Coarse Programmer's guide to Python's stringy bits

Programming

Coarse Programmer's guide to Python's stringy bits

July 5, 2020

If you program in Python you probably deal with strings a lot. It's one of the areas where the language excels. Writing apps for journalists, I'm always splitting, slicing, iterating on words, checking if in. But you're also painfully aware that string and "bit of text" are not equivalent. Sometimes you try a string method and find out you're dealing with bytes. Sometimes you've got Unicode on your hands, sometimes it's ASCII. It it's Unicode it might be UTF-8, other times UTF-16. You know you need to decode something to get another something, but what is the parameter... and wait, is it encode or decode? Me, I usually just try a bunch of methods or copy something from Stack Overflow until it works and then forget about it until the next time. That's the Coarse Programmer™ way.

But no more! Today I'm going to find out exactly what a string is, how it's different from bytes, and what Unicode really means. When I'm done, I'll report back here.

Ok, got it. It wasn't hard, and it's clear I'm not the first person with this problem. There's a wealth of great resources, not only technical, but full of curiosities about language (as in human language) and some of them are quite funny. If you're really interested in this subject, you should read them instead. If you just want a breezy summary, stick with me.

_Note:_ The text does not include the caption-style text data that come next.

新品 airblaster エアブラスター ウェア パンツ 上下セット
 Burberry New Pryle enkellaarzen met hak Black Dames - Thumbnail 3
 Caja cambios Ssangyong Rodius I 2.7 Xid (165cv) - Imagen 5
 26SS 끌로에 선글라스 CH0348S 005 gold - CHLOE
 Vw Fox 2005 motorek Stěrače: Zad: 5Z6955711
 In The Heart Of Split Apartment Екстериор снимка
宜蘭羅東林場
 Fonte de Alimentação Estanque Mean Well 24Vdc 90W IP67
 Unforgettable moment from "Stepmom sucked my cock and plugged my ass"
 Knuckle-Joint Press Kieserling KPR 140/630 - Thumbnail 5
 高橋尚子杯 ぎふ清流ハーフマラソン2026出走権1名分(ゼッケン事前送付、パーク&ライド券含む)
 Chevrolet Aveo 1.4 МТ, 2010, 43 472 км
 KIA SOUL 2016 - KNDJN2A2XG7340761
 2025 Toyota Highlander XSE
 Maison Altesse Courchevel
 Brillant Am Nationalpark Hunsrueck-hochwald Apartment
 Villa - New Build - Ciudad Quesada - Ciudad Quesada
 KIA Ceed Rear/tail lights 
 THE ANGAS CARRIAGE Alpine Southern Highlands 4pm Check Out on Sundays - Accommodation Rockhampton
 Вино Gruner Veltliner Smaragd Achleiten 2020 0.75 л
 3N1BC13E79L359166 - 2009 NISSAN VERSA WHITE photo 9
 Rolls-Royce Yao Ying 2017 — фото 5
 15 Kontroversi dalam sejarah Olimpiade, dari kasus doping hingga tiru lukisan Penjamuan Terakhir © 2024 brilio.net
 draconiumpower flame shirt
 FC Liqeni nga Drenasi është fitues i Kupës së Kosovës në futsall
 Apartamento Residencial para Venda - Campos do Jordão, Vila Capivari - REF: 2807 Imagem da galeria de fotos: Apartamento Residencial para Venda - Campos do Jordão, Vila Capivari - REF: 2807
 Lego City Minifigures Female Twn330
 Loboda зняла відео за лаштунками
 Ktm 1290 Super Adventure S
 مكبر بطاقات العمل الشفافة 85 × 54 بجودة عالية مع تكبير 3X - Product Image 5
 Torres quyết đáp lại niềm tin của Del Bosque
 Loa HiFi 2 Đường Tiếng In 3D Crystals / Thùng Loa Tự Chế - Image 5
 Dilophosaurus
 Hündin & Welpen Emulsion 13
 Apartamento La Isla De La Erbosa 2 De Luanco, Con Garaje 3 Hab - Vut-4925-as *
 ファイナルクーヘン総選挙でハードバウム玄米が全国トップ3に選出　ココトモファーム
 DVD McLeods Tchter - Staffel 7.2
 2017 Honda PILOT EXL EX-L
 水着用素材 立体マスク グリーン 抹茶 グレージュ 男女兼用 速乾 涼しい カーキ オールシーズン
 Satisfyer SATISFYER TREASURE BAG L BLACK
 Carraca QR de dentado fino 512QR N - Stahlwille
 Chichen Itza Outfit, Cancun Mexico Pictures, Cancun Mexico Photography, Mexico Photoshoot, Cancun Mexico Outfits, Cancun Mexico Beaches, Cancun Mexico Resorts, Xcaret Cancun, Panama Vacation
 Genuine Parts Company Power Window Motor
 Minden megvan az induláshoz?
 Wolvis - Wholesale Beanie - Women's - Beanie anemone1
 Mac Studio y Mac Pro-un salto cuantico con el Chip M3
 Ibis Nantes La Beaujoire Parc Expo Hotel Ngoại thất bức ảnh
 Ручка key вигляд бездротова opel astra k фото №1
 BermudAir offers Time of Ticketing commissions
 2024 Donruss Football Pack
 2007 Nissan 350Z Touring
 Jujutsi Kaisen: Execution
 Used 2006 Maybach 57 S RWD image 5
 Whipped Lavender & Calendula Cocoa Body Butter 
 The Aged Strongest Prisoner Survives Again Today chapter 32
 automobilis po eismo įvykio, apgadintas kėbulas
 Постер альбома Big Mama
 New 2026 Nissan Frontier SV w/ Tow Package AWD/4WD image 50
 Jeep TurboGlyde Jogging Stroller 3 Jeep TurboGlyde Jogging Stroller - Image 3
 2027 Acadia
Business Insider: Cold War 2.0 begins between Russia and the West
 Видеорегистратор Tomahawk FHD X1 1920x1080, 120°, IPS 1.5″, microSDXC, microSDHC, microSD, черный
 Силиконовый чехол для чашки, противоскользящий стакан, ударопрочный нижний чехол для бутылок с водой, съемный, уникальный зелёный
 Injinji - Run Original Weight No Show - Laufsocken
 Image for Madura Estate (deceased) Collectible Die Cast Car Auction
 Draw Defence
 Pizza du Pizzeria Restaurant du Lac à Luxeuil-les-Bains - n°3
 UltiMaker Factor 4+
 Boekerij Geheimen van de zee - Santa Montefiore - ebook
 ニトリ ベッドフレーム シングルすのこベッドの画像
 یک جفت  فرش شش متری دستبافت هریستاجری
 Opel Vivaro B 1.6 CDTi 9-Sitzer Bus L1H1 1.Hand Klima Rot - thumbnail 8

Unicode & Character Encodings in Python: A Painless Guide (Real Python)
UTF-8 (Wikiepedia)
Strings, Unicode, and Bytes in Python 3: Everything You Always Wanted to Know (Andrea Colangelo)
The Absolute Minimum Every Software Developer Absolutely, Positively Must Know About Unicode and Character Sets (No Excuses!) (Joel Spolsky)
What every programmer absolutely, positively needs to know about encodings and character sets to work with text (David C. Zentgraf)
Python built in types: str (Python docs)
Python built-in types: bytes (Python docs)

Bits of String

The heart of my confusion was always the difference between the str and bytes type in Python 3. (It's a different matter in Python 2 but if you're using Python 2, you've been around long enough to have mastered this subject.) They look almost the same. Seems like the only difference is you put a little "b" in front of a bytes literal, and you get one back when you output to the terminal.

s = "This is a sentence."
b = b"This is a sentence."

print(s) 
# >> This is a sentence

print(b)
# >> b'This is a sentence.'

They've got many of the same methods, most of which you'd typically associate with manipulating text, eg. split, uppercase, zfill and so on.

s.split()
# >> ["This", "is", "a", "sentence"]

b.split()
# >>  [b"This", b"is", b"a", b"sentence"]

So what's the difference?

Bytes

Let's start with bytes. Under the hood, the bytes object is quite simple. It is just an array of 8-bit bytes; that is, integers with a value between 0 and 255. When output to the terminal, most values, including all the values greater than 127, are displayed as hexadecimal, a base-16 short hand for writing binary numbers. You can read more about hexadecimal here if you need to. Here is how hexadecimals are written as literals in Python, along with their decimal and binary equivalents.

\x8c	140	10001100
\x8d	141	10001101
\x8e	142	10001110
\x8f	143	10001111
\x90	144	10010000

Not all the values of a bytes object are displayed as hexadecimal, however. The majority of the values less than 128 are displayed as single ASCII characters. ASCII is a character encoding, a big look-up table for converting integers to characters and back again. ASCII includes all the unaccented letters in the Latin alphabet, Arabic numerals, plus a handful of punctuation symbols. It also includes some keyboard commands that are not printable, such as backspace and enter. If a value in a bytes object coincides with a visible character in ASCII, that is how it will appear in the terminal.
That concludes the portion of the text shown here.